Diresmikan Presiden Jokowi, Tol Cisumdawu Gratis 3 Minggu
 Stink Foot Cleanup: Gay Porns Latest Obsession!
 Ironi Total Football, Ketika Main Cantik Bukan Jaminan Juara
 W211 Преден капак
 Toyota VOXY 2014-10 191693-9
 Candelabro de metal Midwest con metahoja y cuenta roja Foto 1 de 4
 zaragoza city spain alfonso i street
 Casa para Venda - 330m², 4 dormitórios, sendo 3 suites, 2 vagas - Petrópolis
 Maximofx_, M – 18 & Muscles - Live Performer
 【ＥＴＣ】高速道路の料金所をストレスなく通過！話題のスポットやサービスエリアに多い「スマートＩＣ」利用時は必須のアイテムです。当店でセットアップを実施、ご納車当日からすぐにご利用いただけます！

---*---

Work to be completed: From the line containing "Toyota VOXY 2014-10 191693-9" through the last line of the entries above, print every line exactly, including both ends, and nothing else.

Exercise result:
 Toyota VOXY 2014-10 191693-9
 Candelabro de metal Midwest con metahoja y cuenta roja Foto 1 de 4
 zaragoza city spain alfonso i street
 Casa para Venda - 330m², 4 dormitórios, sendo 3 suites, 2 vagas - Petrópolis
 Maximofx_, M – 18 & Muscles - Live Performer
 【ＥＴＣ】高速道路の料金所をストレスなく通過！話題のスポットやサービスエリアに多い「スマートＩＣ」利用時は必須のアイテムです。当店でセットアップを実施、ご納車当日からすぐにご利用いただけます！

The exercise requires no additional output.